Battus III of Cyrene, surnamed The Lame (Βάττος ο Χωλός, flourished 6th century BC) was the fifth Greek Cyrenaean king and a member of the Battiad dynasty.

Battus was the son and only child of king Arcesilaus II and queen Eryxo. His paternal grandfather was the third Cyrenaean King, Battus II, while his paternal grandmother is unknown. His maternal grandmother was the princess Critola, while his maternal grandfather was a noble whose name is unknown and was murdered by Learchus (a rival to Arcesilaus II) in 550 BC. Battus II and Critola were siblings and were children to the second Cyrenaean King Arcesilaus I. Their paternal grandfather was the first Cyrenaean King, Battus I.

Battus received the surname The Lame because he was born with a defective leg that caused him to limp. Battus was proclaimed King in 550 BC by his maternal uncle Polyarchus, when his uncle and his mother Eryxo had successfully plotted to kill Learchus, who murdered Arcesilaus II and attempted to become king.

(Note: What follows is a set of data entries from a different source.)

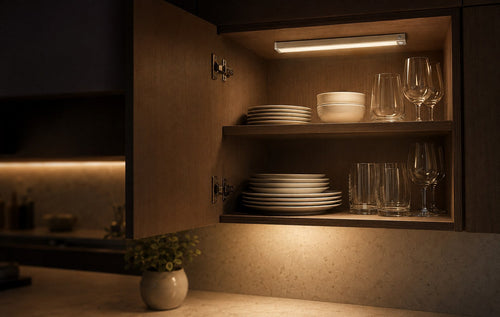 Three Dwellio motion sensor lights mounted along a staircase wall, lighting the oak steps at night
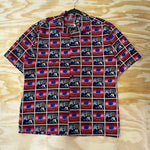 Vintage y2k buda bean brooklyn AOP fight button up t-shirt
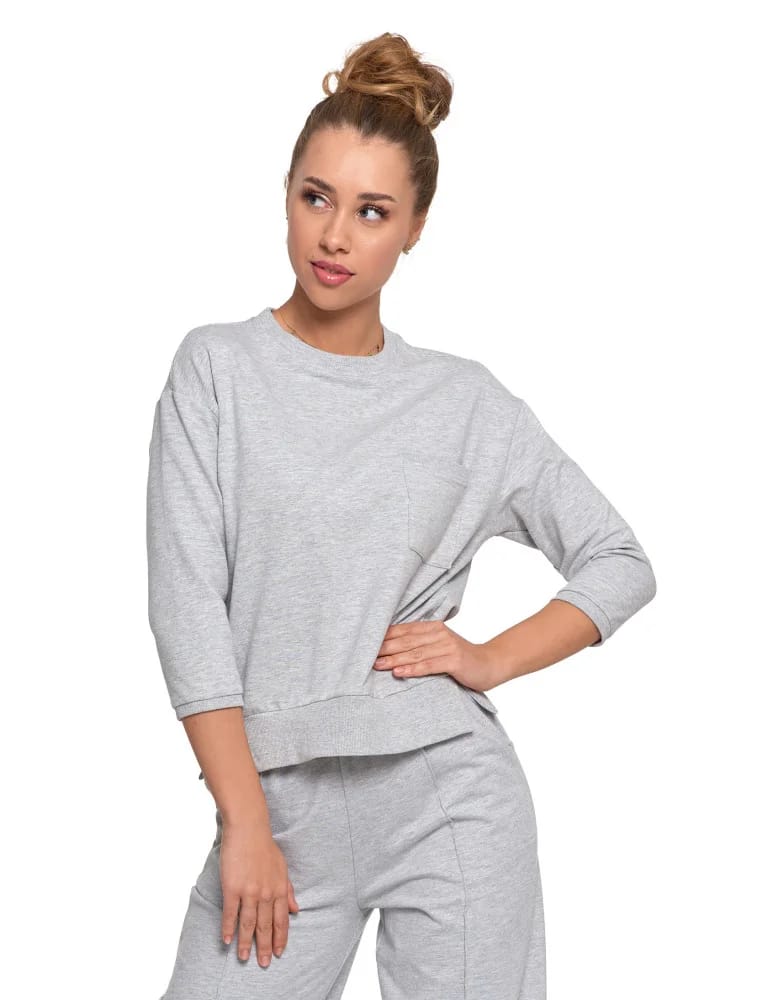 Bluzy damskie - Bluza damska z kieszonką o luźnym kroju SZARY  - produkt moraj.pl 4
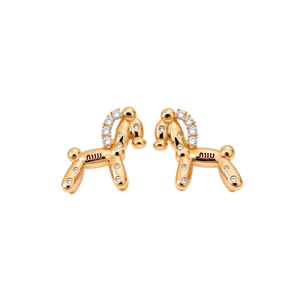 18k gold plated balloon dog stud earrings with clear zircon stones and metallic finish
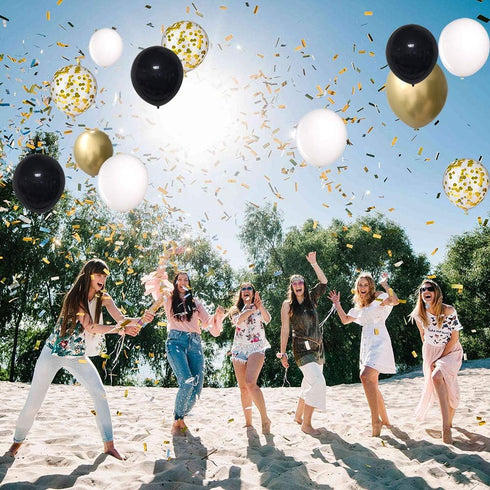 Black and Gold Confetti Balloons, 50 Pack 12inch White Latex Party Balloon Set for Decorations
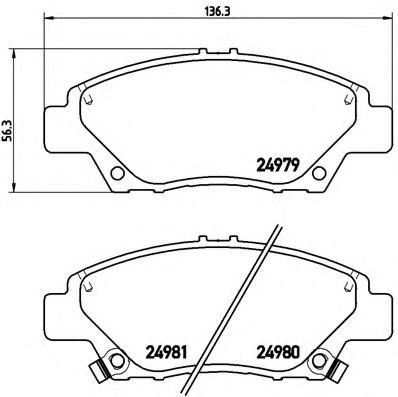 Комплект тормозных колодок, дисковый тормоз BREMBO P 28 050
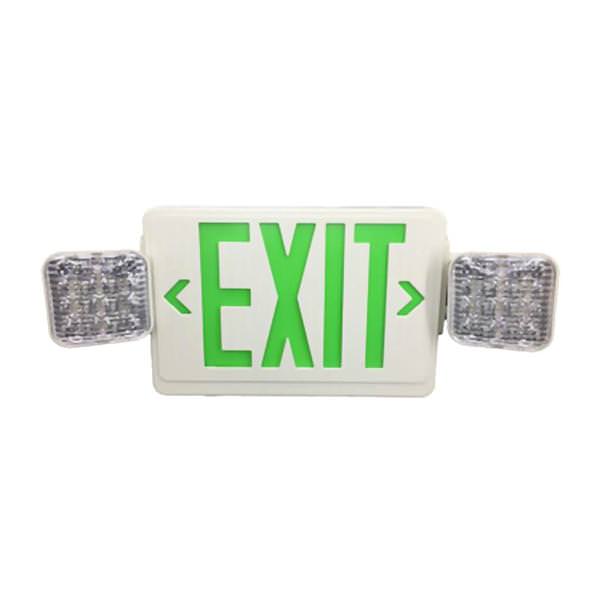 1/3.5/4 watt 120/277 volt White Housing Green Exit Sign with Emergency Light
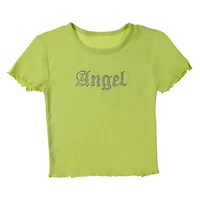 Rhinestone Angel Cropped Tee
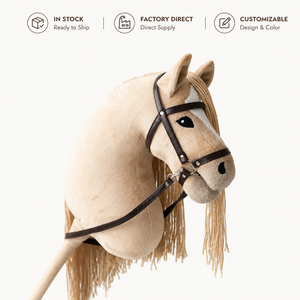 Caballo de Juguete con <span class=keywords><strong>Palo</strong></span>, Personalizado, Realista, Desmontable, de Peluche, Hecho a Mano, para Niños Pequeños - Product Image 2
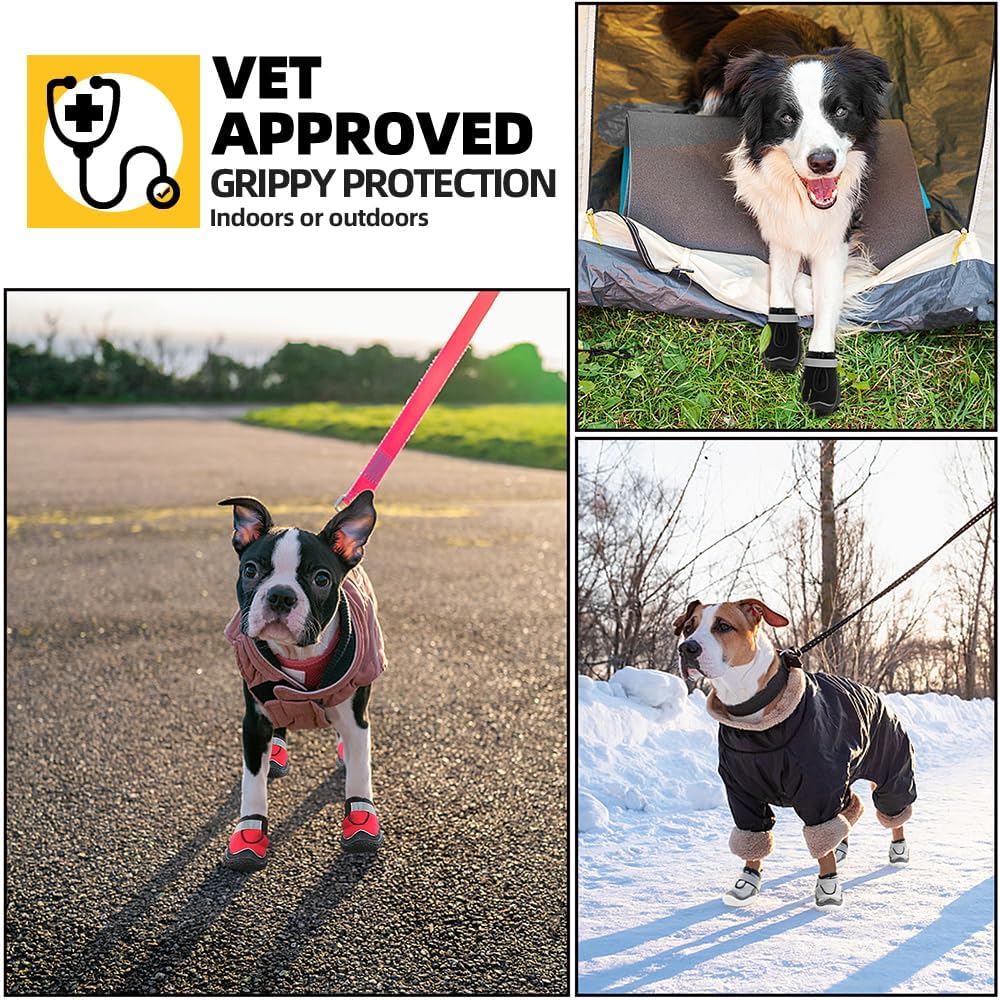 Hcpet Dog Boots for Large Dogs, Dog Shoes for Hot Pavement Winter Snow, Paw Protector Dog Booties Designed for Comfort and Breathability, Outdoor Booties for Small Medium Dogs for Hiking Black Size 5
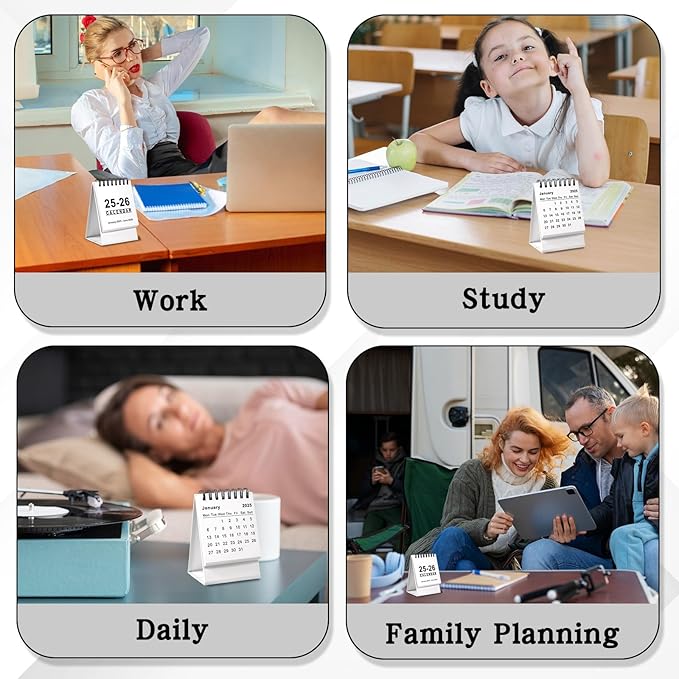 Mini Desk Calendar 2025.1-2026.6 Small Desktop Calendar 2025-2026 Standing Flip Calendar Small Desk Calendar 2025-2026 for Home Office School(White)
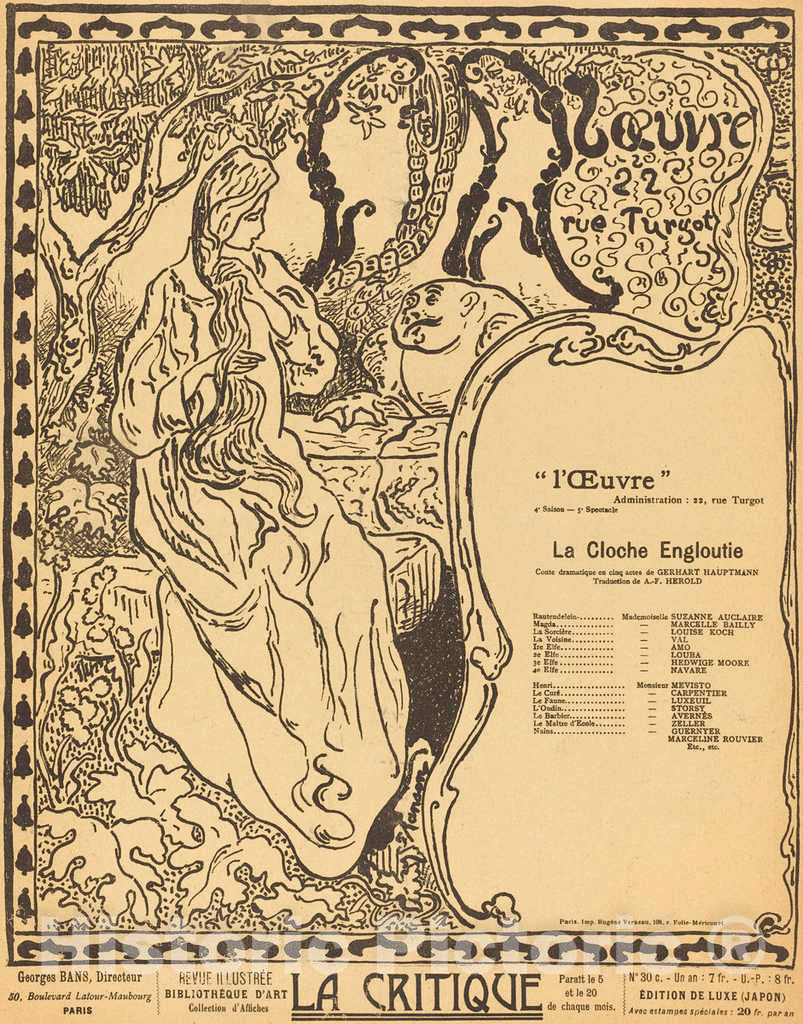 Art Print : Paul Ranson, La Cloche engloutie, 1897 - Vintage Wall Art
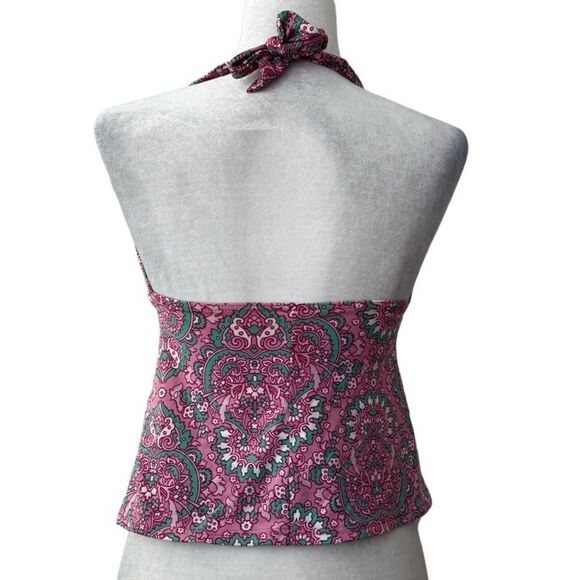 Lands End Tankini Pink Green Halter Top SZ 6 - Picture 2 of 10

During his reign, Battus realised that Cyrenaica had become an unstable state, from the unstable relations with the Libyans, Egyptian Pharaoh Amasis II and the attempted overthrow of his late father and himself from Learchus. He visited the Oracle at Delphi for advice and consulted the priestess, on what he could do about Cyrenaica. The priestess advised Battus to go and visit Mantineia in Arcadia and ask for a man called Demonax, who could assist him to reform the Cyrenaean constitution. Demonax was held in high regard by the Mantineians and held a high position there.

Battus returned to Cyrene with Demonax to assist him in reforming the constitution. Demonax reformed the Cyrenaean constitution and did the following. He divided Cyrenaica into three groups:
- Greeks from Thera (modern Santorini)
- Greeks from the Peloponnese and Crete
- Greeks from the other Aegean Islands

Demonax created a Senate which controlled Cyrenaica. The senate's members were representatives from the three groups and the king was the senatorial president. The new constitution reduced the powers, responsibilities and authority of the king. The monarchy remained, but the king had only the authority to grant land to citizens and to function as a high priest in charge of religious duties. Demonax also put in place ephors to punish impostors and created a 300-strong armed police force patrolling and protecting Cyrenaica.

To further protect Cyrenaica from the Libyans and their aristocracy, Battus made an alliance with the Egyptian Pharaoh Amasis II. As a sign of gratitude, Battus allowed Amasis to marry a Greek woman from Cyrenaica. Amasis chose Battus' daughter, Ladice, and they married after 548 BC.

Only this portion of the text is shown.